Y súbitamente furioso:
—¡Vete a la mierda! ¡No vales un pimiento como tripulante y ahora ni siquiera quieres jugar a las cartas!
Después se ponía a barajar malhumoradamente las cartas durante media hora o más, como si fuera una habilidad que debiese perfeccionar a toda costa, igual que si en ello le fuera la vida. Y, pensándolo bien, podía ser así. Calcúlelo usted mismo. Suponga que está en una Cinco y pasa setenta y cinco días sin que se produzca el cambio de posición. Comprendes inmediatamente que estás en dificultades: las raciones no sustentarán a cinco personas más de trescientos días.
Sin embargo, podrían sustentar a cuatro.
O a tres. O a dos. O a una.
Al llegar a este punto, ha quedado claro que por lo menos una persona no regresará del viaje con vida, y lo que hace la mayoría de tripulantes es empezar a cortar la baraja. El perdedor se retuerce cortésmente el cuello. Si el perdedor no es cortés, los otros cuatro le dan lecciones de etiqueta.

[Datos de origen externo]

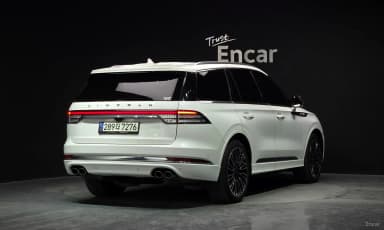 Aviator 2nd Generation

Muchas naves que salen como Cinco vuelven como Tres. Algunas vuelven como Uno.
Así pues, nos esforzamos en matar el tiempo, no sin dificultades y grandes dosis de paciencia.

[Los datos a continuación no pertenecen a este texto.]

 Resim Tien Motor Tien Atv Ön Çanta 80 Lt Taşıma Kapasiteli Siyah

El sexo se convirtió en nuestro principal recurso durante un tiempo, y Klara y yo pasábamos muchas horas estrechamente abrazados, dormitando un rato y despertándonos para despertar al otro y volver a hacer el amor. Supongo que los muchachos hacían algo parecido; al cabo de pocos días el módulo de aterrizaje empezó a oler como el vestuario de un gimnasio masculino. Después empezamos a buscar la soledad, los cinco por igual. Bueno, en la nave no había bastante soledad para beneficiar a los cinco, pero hicimos lo que pudimos; de común acuerdo, empezamos a dejar el módulo a uno solo de nosotros (o una sola) durante una o dos horas consecutivas. Mientras yo estaba allí Klara era tolerada en la cápsula. Cuando le tocaba el turno a Klara, yo jugaba a cartas con los muchachos. Mientras uno de ellos estaba abajo, los otros dos nos hacían compañía. No tengo ni idea de qué harían los demás con su tiempo de soledad; yo me dedicaba a mirar el espacio. Lo digo literalmente: contemplaba la absoluta negrura del exterior por las portillas del módulo. No había nada que ver, pero era mejor que seguir viendo lo que ya estaba harto de ver en el interior de la nave.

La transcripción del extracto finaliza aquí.